Ann Beaty has been gathering together little seen drawings and paintings of Moira’s that span her lifetime for this exhibition. For Stuart, Ann will let go a selection of wood and mixed media sculpture from the family collection. Ann’s own work is from a variety of subject matter, styles and materials, including some early works, some later and also including very recent, large paintings on silk. It is hoped that this exhibition is a worthy testament to the Beaty legacy that Stuart and Moira have left behind.
Moira Beaty was an accomplished painter who passed away in 2015 at the age of 92. Born in Prestwick and raised in Glasgow, Moira eventually won a scholarship to Glasgow School of Art. However, war intervened and Moira left at the end of the first year, to start her new job as a typist in the machine room, then eventually as a cryptographer at Bletchley Park. During this difficult time, Moira was involved in setting up art classes and exhibitions and was given her own studio to continue her painting. This period of her life was only mentioned in the 1980s, as she had signed the Official Secrets Act in 1942.
When war in Europe ended, Moira eventually returned to GSA to resume her studies. It was there that she met sculptor Stuart Beaty, and they eventually married in 1952. They moved to the Borders and eventually to Kipford in Dumfries & Galloway where they enjoyed many happy years teaching, working, exhibiting, and forging solid relationships with galleries such as the Open Eye in Edinburgh and Gracefield in Dumfries
Moira exhibited widely in both group and solo exhibitions. Following the birth of her daughter Ann, many of Moira’s paintings were of young children (very often of Ann herself), her garden flowers, the rural community and the Borders landscape. Moira just painted, in her own words, “her life”
Her final year with a triumph as she had a sell-out retrospective exhibition in the Harbour Gallery, Kirkcudbright, and was represented in the town’s major Summer Exhibition ‘Glasgow Girls 1920-60’ which she opened.
Stuart Beaty was well known for his sculpture, which ranged from works in wood to stone, showing great skill and craftsmanship. He passed away in 2004 at the age of 83.
During the war, Stuart served with the RAF on the engineering side, including two years in India and Burma where he was greatly influenced by Indian stone and wood carving. During this time, Stuart’s main preoccupation was with painting, and he exhibited work in exhibitions in India during this time. Stuart returned to Scotland and began his course at GSA where he studied modelling and carving. An interest in puppetry encouraged Stuart to help establish the Art School Marionette Theatre.
After graduating from GSA, Stuart studied knitwear design and joined Pringle of Scotland as a designer, eventually being appointed to the Board as Design Director. During this time Stuart continued to make and show sculpture.

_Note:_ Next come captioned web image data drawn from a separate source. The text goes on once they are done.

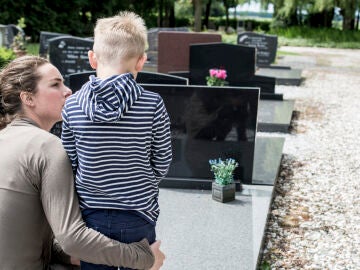 Una madre con su hijo pequeño en el cementerio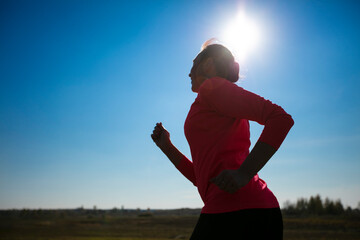 Fototapeta na wymiar Silhouette of a woman running against the blue sky.
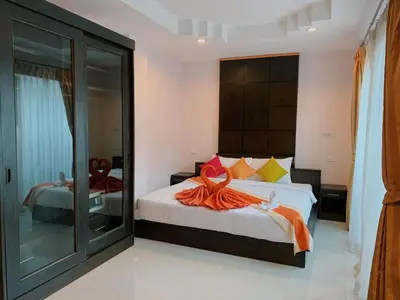 a bedroom with a bed with an orange dress on it at Ice Kamala Beach Hotel in Kamala Beach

Stuart undertook some exciting and prestigious sculpture commissions over his career, and in 1974 he retired from Pringle to the full time practice of sculpture.
Like his wife, Stuart had spent his life and career in pursuit of the creative arts, and both have left a lasting mark since passing away.
It is only fitting that both Moira and Stuart’s daughter would follow in their footsteps, attending GSA to become a painter, Ann was awarded a Post Diploma of Art in Drawing and Painting with high commendation. Following her graduation, Ann attended Jordanhill College of Education and trained to teach. She then went onto a long and rewarding career teaching Art, finally retiring after thirty five years in 2014.
Ann has enjoyed painting the local landscape and experimenting with the technique of silk painting. She has exhibited in exhibitions over the years, including Hendersons Gallery and the Open Eye in Edinburgh, as well as taking part in various SSA and RSA exhibitions.
There will also be new sculpture by Ana Duncan & Pauline Montgomery, ceramics by Rupert Blamire, Rob Sutherland & Karen McPhail and jewellery by Heather Andrews.
The gallery is now over two floors, with access upstairs now from within the gallery. Upstairs will include a mix of works from the likes of Andy Cross, Fiona Millar, Louise Rawlings, Kate Downie, Valerie Sadler, Susie Hunt and much more.